The University of Akron expects to dip into its reserve funds for $11.5 million for the 2019-2020 school year, according to the budget passed by the board of trustees Wednesday.

The budget includes $19 million less in expenditures than the original 2018-2019 budget, including $14 million less in personnel costs as a result of decisions not to rehire for some operational positions that were open.

“In all candor, this is a challenging budget characterized by tough choices,” interim President John Green said.

No current staff will be cut. About 80 positions were open that will not be filled, although the university has hired staff in other areas where programs are expanding.

Tuition, as previously announced, will increase by 1.5% for incoming freshman students who participate in the four-year tuition rate guarantee program.

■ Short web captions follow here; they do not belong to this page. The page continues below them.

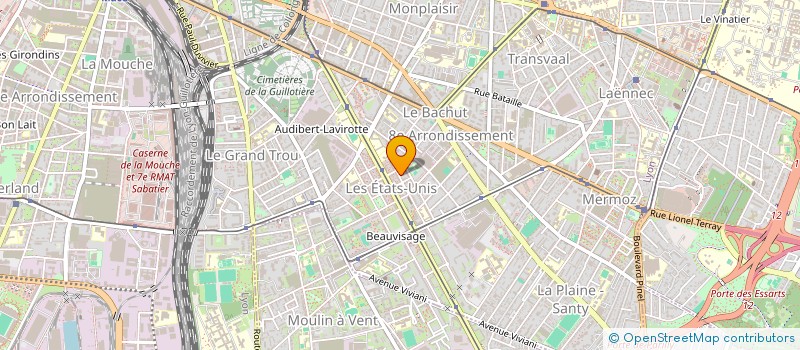 localisation de l'entreprise MONSIEUR JACQUES BONO à LYON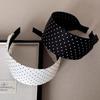 Retro Black White Polka Dots Wide Edge Headbands Woman Temperament Non-Slip Hair Band Hair Accessories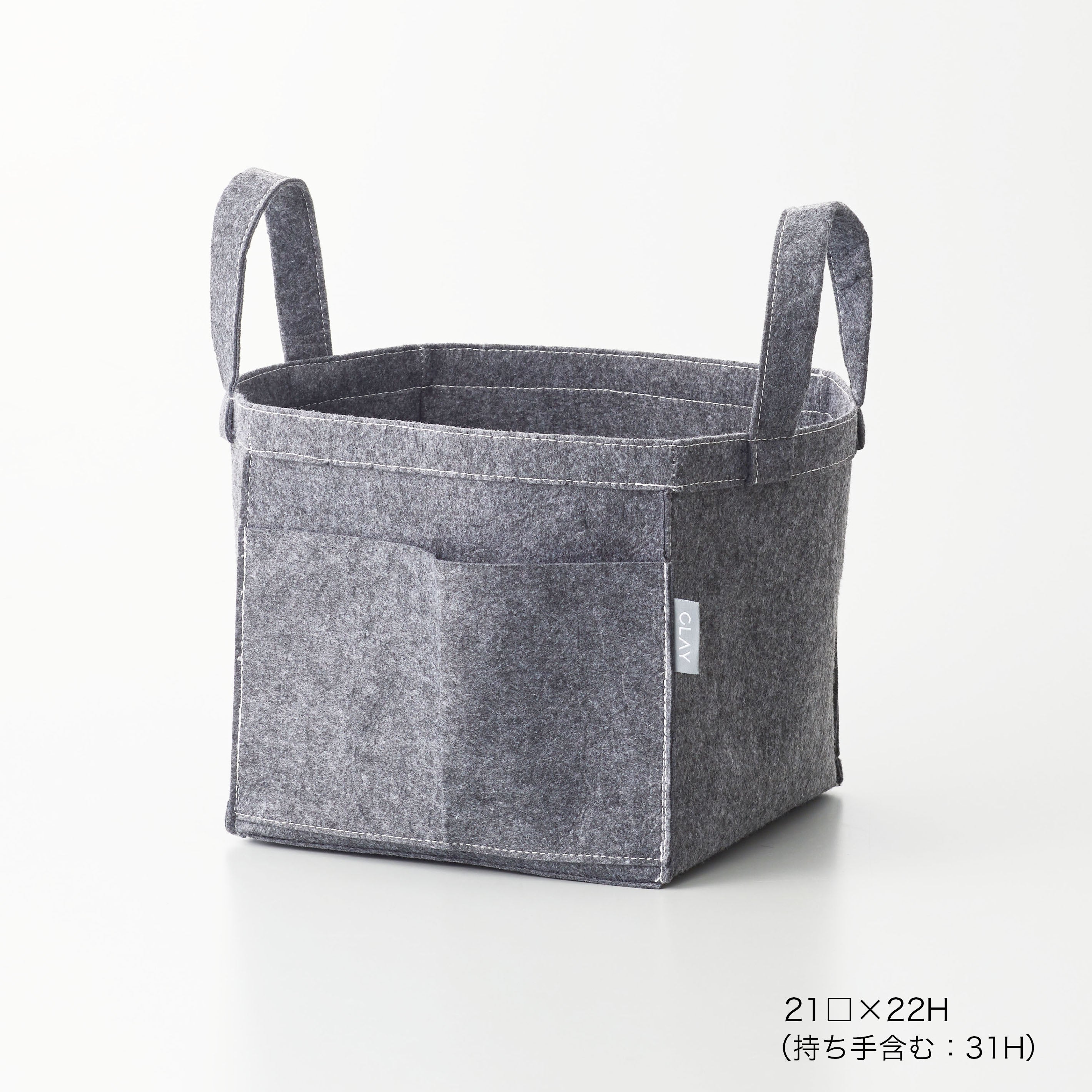 土に還るサステナブルな植木鉢 【Re:pot - リポット】GRAY(グレー)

Unionized staff will receive a previously guaranteed 4% raise. The trustees also approved an additional 2% raise for nonunion employees.

The budget assumes a decrease in enrollment of 4% for the fall.

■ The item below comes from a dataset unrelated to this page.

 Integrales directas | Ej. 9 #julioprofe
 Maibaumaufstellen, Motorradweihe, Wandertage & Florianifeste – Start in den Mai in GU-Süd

The university anticipates bringing in $16 million more that it will spend out of the general fund, which pays for faculty and academic programs. But other departments, like the student union and athletics, are heavily subsidized by the general fund, resulting in the need to dip into savings to close the gap.

Each of those departments, except for athletics, were instructed to find ways to cut their general fund subsidies by 7%, Chief Financial Officer Nathan Mortimer said. Some departments chose to make cuts, while others pledged increases in revenue.

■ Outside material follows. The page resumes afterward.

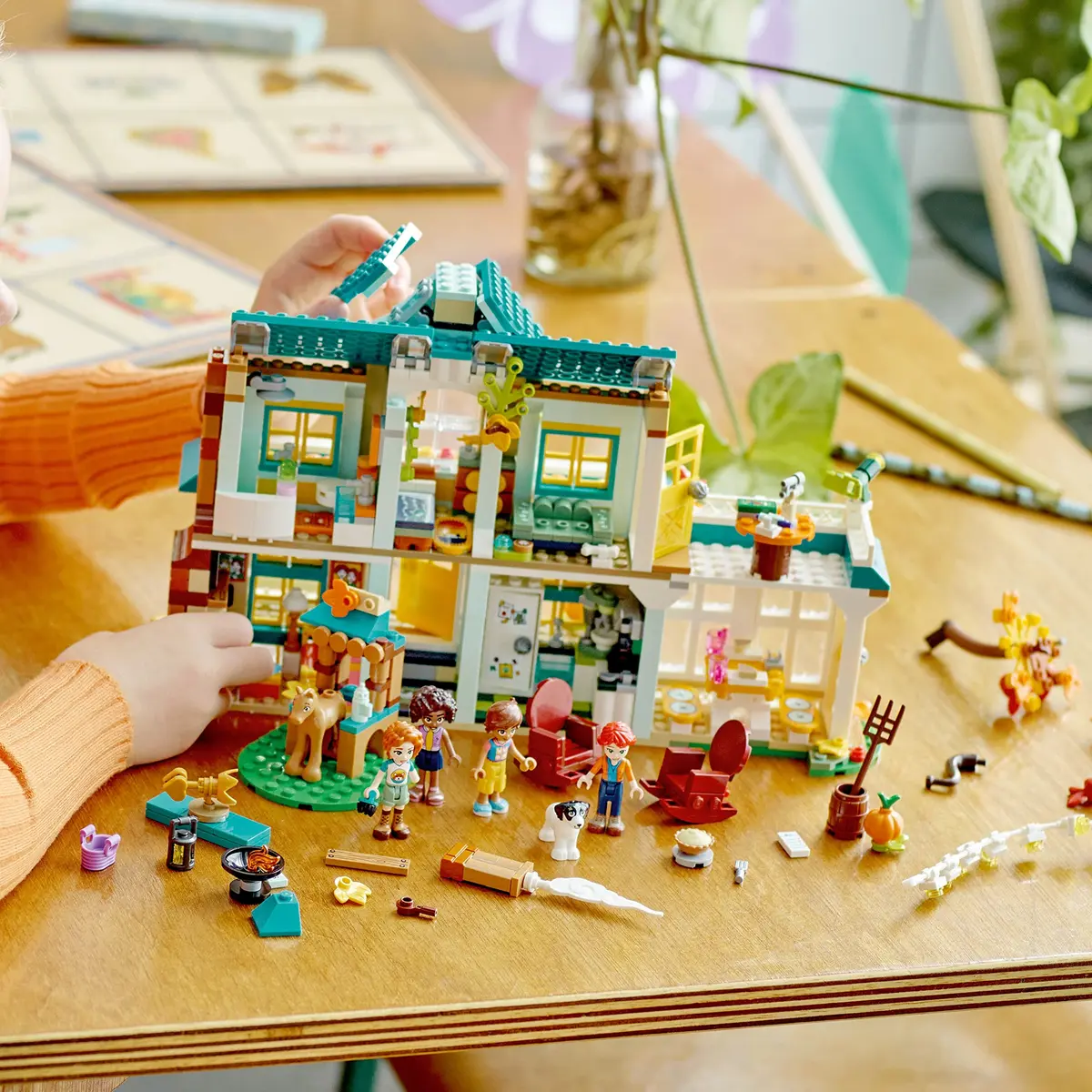 LEGO Friends Autumn's House 41730 | Dolls House Playset with Accessories, Toy Horse & Mia Mini-Doll for Kids 7+ - view 3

Athletics cut about $500,000 in operational costs and predicted another $500,000 in increased revenue from ticket sales. The department is expected to cut its reliance on the university's general fund by $8 million over the next three years, Mortimer told trustees in committee meetings last week.

University leaders initially anticipated a $16 million dip into savings for this fiscal year, but revised that estimate to $4 million in April.

It's possible the same could happen again, Mortimer said. The reserve fund currently has roughly $70 million of easily accessible money, which Mortimer said is “plenty.”

Targeted investments in areas of strong programming, like STEM degrees, are going to be key to the university recruiting more students and reversing enrollment trends, Mortimer said.

“We've got to focus on the revenue side of the equation,” he said.